Exercise material
------------

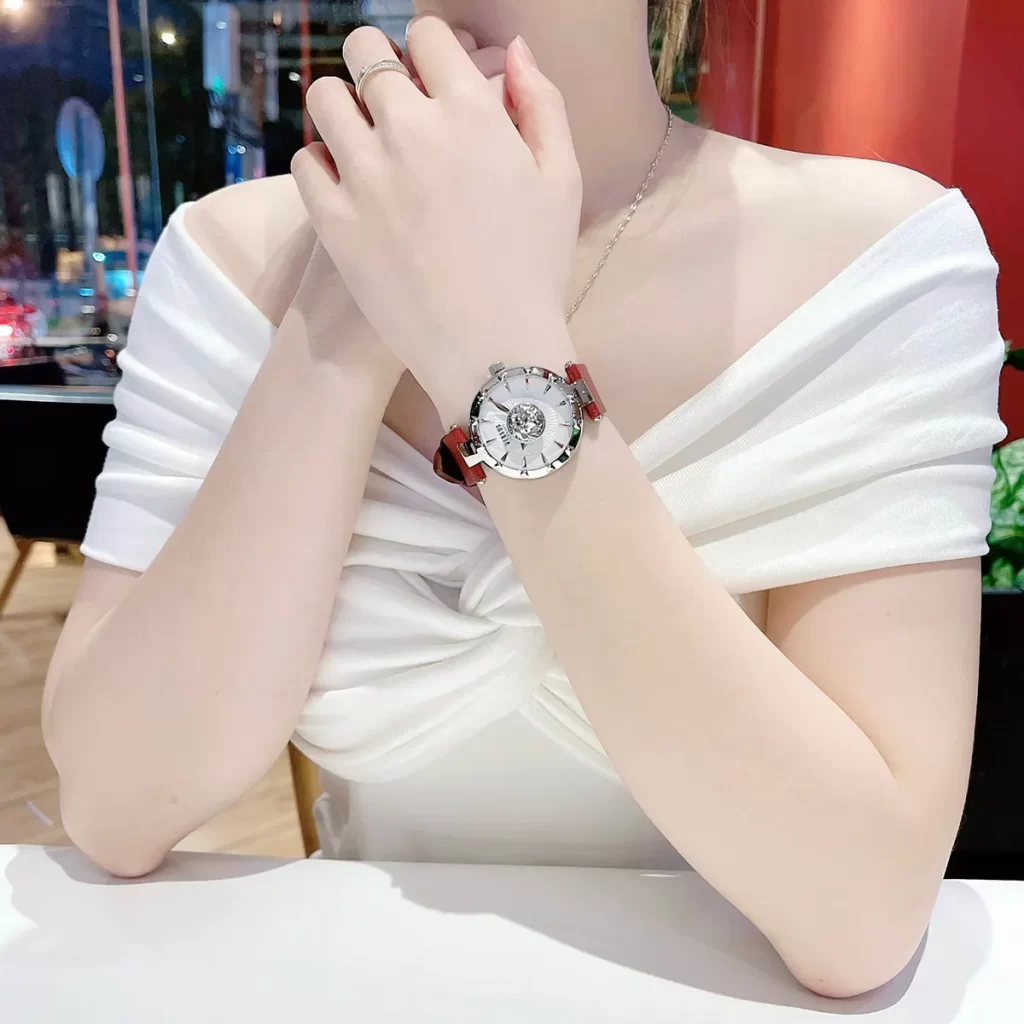 Đồng hồ Versus
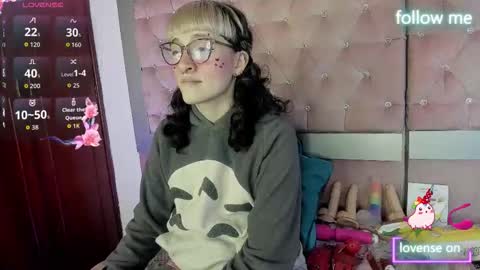  emmili  online show from March 27, 12:50 pm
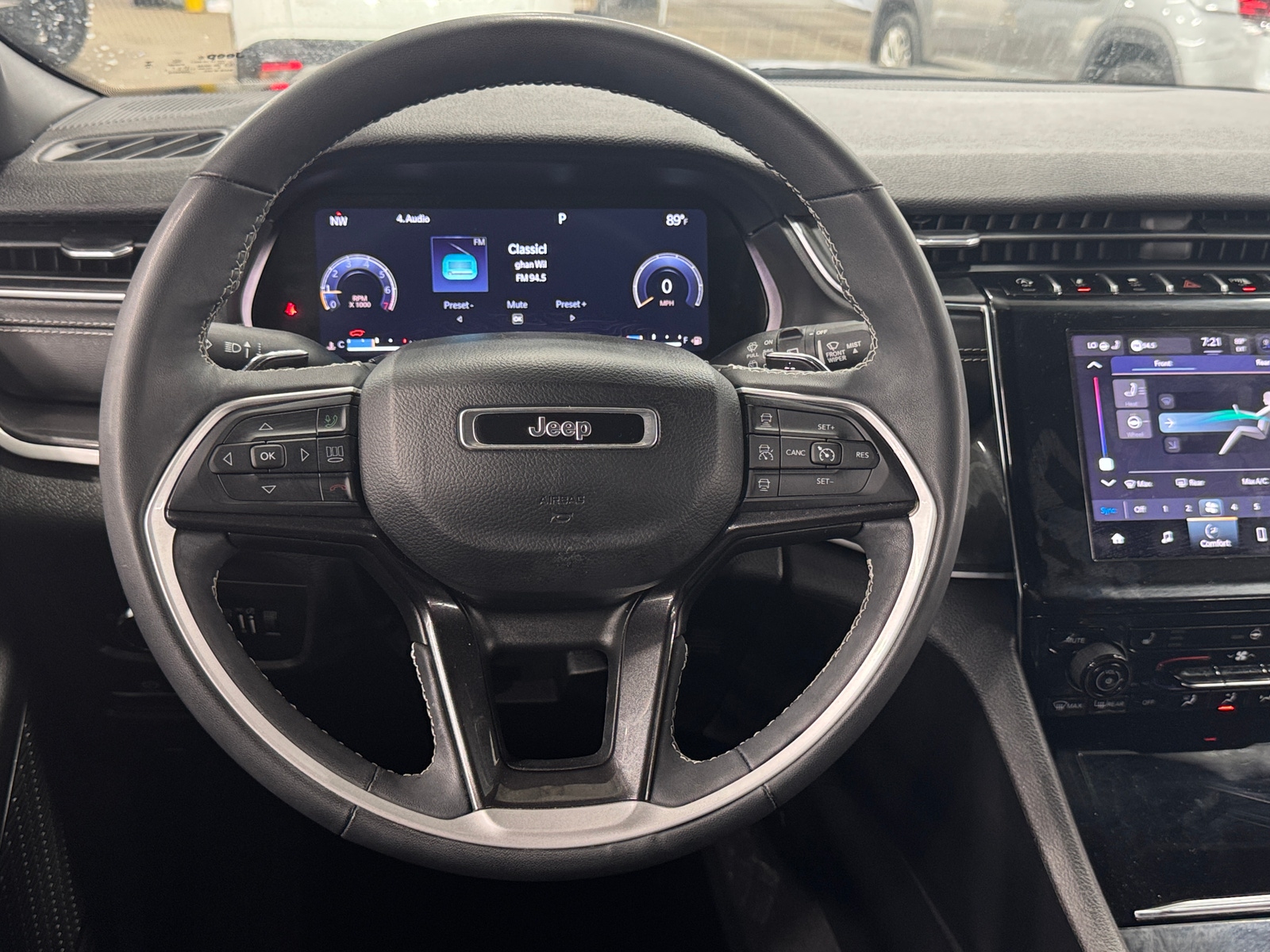 Thumbnail: 2023 Jeep Grand Cherokee L - 4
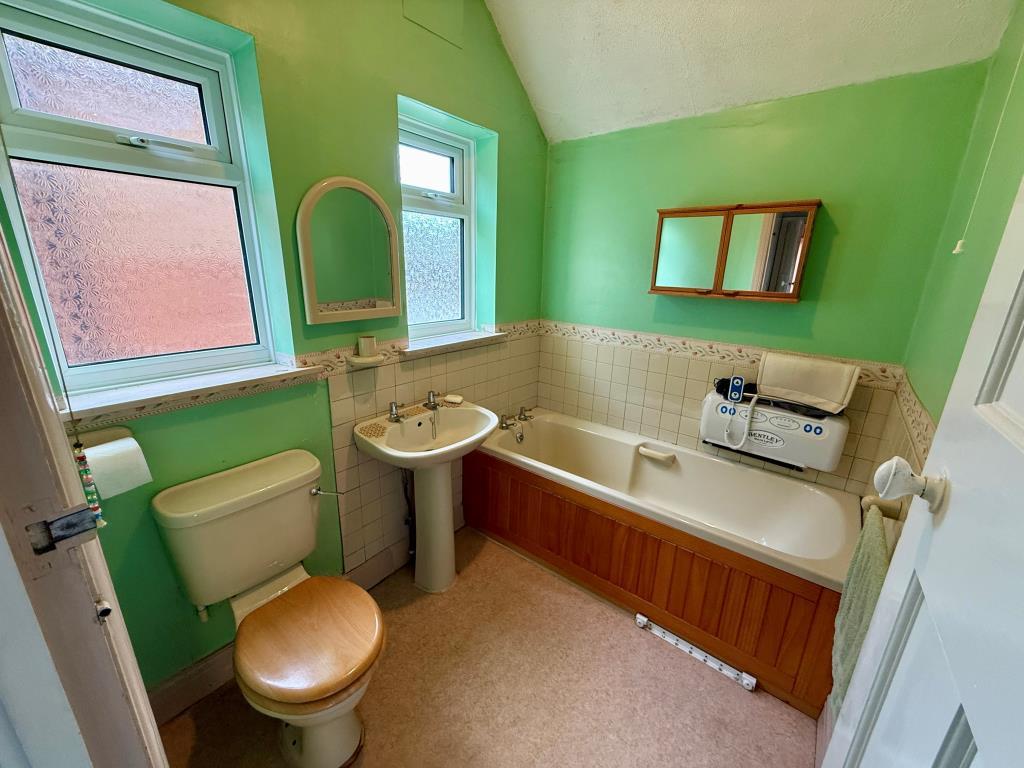 Bathroom with W.C.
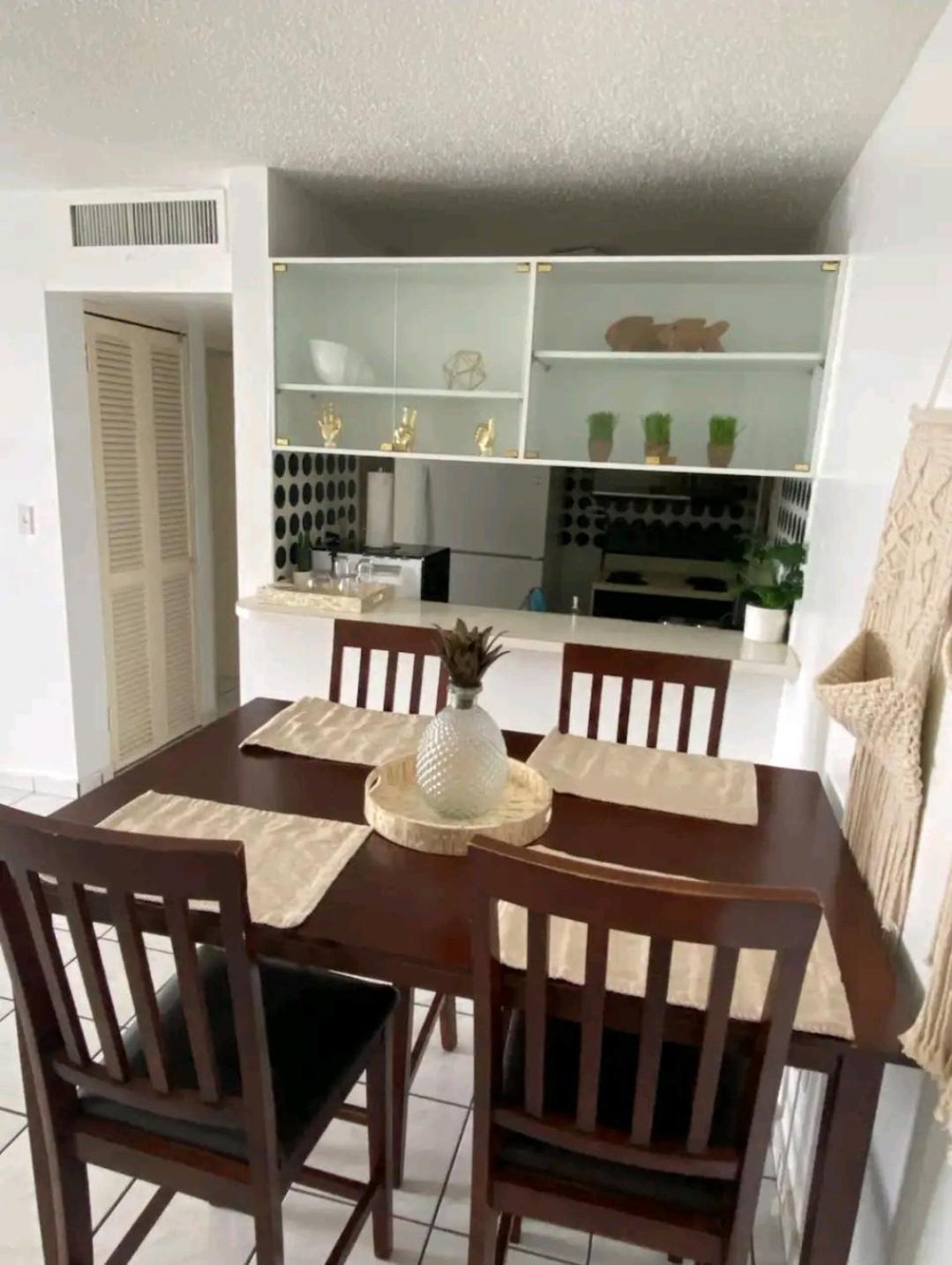 Marbella Apartments San Juan Eksteriør billede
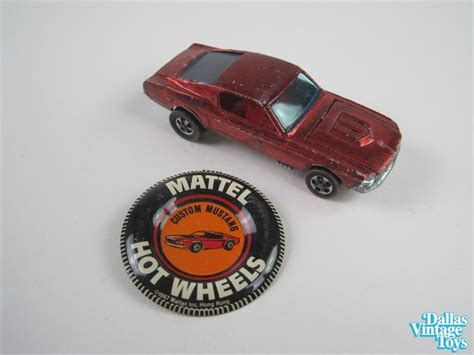 Mattel Hot Wheels Custom Mustang Red With Button A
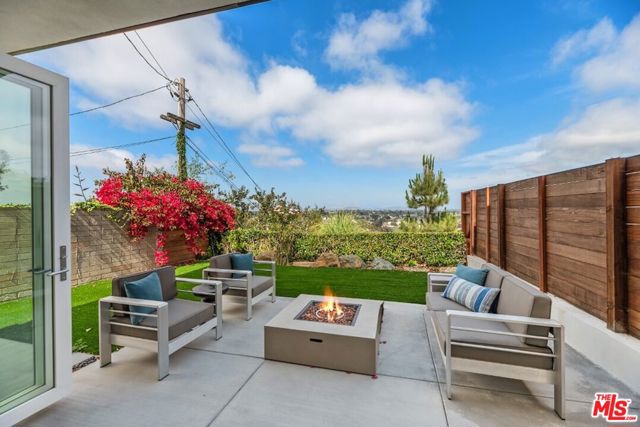 5830 Desert View Drive, La Jolla CA: https://media.crmls.org/mediaz/895171b1-c7dd-494c-8b6c-168246e565e9.jpg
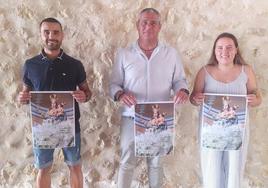 Los concejales Juan Antonio Gómez y Ana Sánchez, junto al alcalde de Pliego, Antonio Huescar, posan con el cartel de las fiestas patronales.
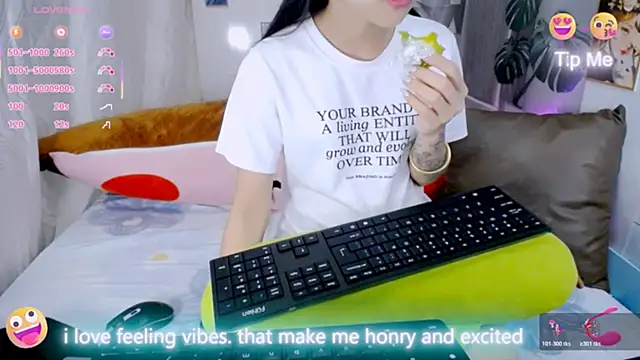 Ly   online show from 03-19-26, 06:06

------------

Exercise aim
Return the material as it stands. Leave out the pictures.

Exercise solution
 Đồng hồ Versus
  emmili  online show from March 27, 12:50 pm
 Thumbnail: 2023 Jeep Grand Cherokee L - 4
 Bathroom with W.C.
 Marbella Apartments San Juan Eksteriør billede
 Mattel Hot Wheels Custom Mustang Red With Button A
 5830 Desert View Drive, La Jolla CA: https://media.crmls.org/mediaz/895171b1-c7dd-494c-8b6c-168246e565e9.jpg
 Los concejales Juan Antonio Gómez y Ana Sánchez, junto al alcalde de Pliego, Antonio Huescar, posan con el cartel de las fiestas patronales.
 Ly   online show from 03-19-26, 06:06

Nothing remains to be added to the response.